Earlier this week, The Am Law Daily reported on DLA Piper’s acquisition of 16-lawyer IP firm Dimock Stratton in Toronto, a move that came more than a year after the global legal giant swallowed up Davis, a 260-lawyer firm based in Vancouver. Last week, Dentons forged an alliance with a consultancy led by former Canadian Prime Minister Stephen Harper, while Norton Rose Fulbright combined with 95-lawyer Bull, Housser & Tupper in Vancouver.

Norton Rose Fulbright was the first global firm to enter the Canadian market in a big way back in 2010 when it absorbed Montreal-based Ogilvy Renault into its Swiss verein network. Last year Ottawa-based Gowling Lafleur Henderson announced a cross-border combination with British firm Wragge Lawrence Graham & Co. that earlier this year formed 1,400-lawyer Gowling WLG.
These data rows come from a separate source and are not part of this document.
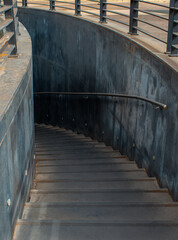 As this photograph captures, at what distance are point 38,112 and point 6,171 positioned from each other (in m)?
10.9

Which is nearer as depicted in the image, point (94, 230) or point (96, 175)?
point (94, 230)

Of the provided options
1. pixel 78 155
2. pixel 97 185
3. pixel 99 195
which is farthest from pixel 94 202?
pixel 78 155

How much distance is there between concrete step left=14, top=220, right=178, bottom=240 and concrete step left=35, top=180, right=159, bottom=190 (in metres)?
1.52

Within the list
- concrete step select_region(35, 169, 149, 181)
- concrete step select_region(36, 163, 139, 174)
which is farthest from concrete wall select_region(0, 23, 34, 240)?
concrete step select_region(36, 163, 139, 174)

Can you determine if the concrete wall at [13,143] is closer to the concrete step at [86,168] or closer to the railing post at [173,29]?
the concrete step at [86,168]

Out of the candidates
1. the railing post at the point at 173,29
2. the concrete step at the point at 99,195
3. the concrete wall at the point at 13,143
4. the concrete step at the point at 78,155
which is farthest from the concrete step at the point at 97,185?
the railing post at the point at 173,29

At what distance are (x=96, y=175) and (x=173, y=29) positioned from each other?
255 cm

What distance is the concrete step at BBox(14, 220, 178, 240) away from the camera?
11.6ft

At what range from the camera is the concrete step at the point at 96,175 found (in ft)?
18.9

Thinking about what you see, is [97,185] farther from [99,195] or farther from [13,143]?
[13,143]

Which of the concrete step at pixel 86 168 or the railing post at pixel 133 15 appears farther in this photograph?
the railing post at pixel 133 15

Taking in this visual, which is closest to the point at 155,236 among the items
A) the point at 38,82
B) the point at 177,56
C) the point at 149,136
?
the point at 149,136

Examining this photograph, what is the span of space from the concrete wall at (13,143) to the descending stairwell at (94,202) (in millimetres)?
302

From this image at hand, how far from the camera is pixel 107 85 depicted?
8.24m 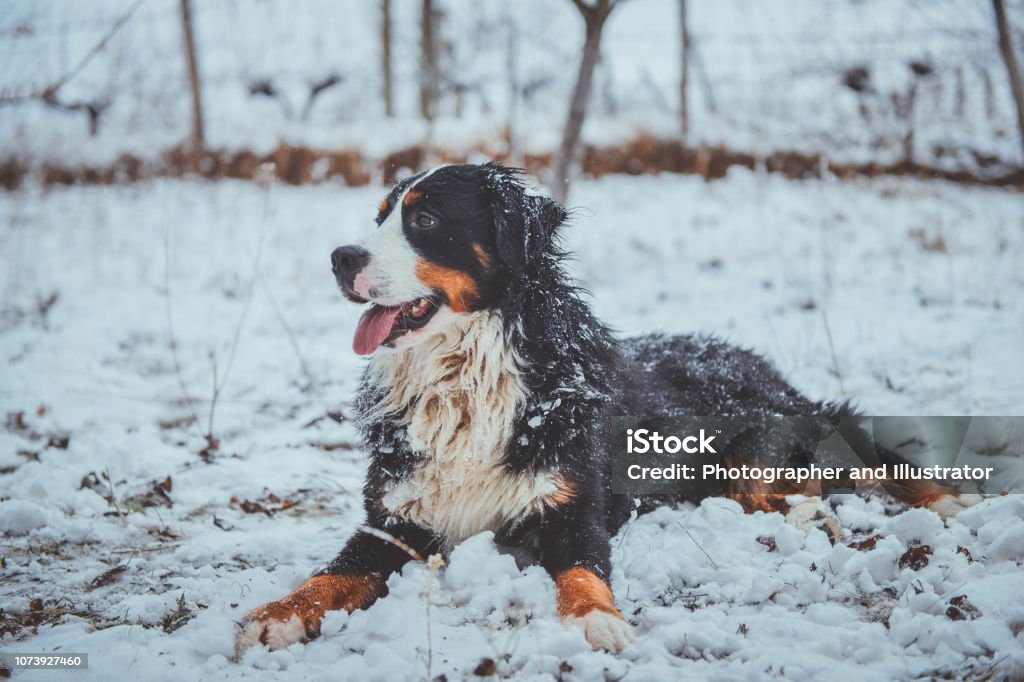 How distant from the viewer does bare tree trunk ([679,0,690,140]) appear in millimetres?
17609

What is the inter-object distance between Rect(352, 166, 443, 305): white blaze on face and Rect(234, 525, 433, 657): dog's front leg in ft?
3.22

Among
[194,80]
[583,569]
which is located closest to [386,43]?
[194,80]

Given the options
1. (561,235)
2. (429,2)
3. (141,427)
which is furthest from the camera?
(429,2)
Canada’s recent economic woes has increased the pressure on the country’s domestic firms, and of those remaining independent outfits in British Colombia could be eyeing deals with out-of-town suitors, according to a report this week by Business in Vancouver.

Despite the encroachment of international firms into Canadian markets, those behind MLT Aikins are optimistic that their “uniquely local and uniquely knowledgeable” western Canadian firm will put them in a competitive position alongside the legal giants, said Aikins’ managing partner Herb Peters. (Aikins and DLA Piper faced off five years ago on a $170 million deal that brought the National Hockey League back to Winnipeg.)

“We’re Canadian and uniquely western Canadian and we maybe take a perverse pride in that,” Peters said. “But there’s something about people who come from a smaller place like ours that has us punching above our weight.”

Besides its offices in Regina and Winnipeg, MLT Aikins will also have outposts in Calgary, Edmonton, Saskatoon and Vancouver once its combination is complete later this year. It will be the only major firm with offices in those six cities.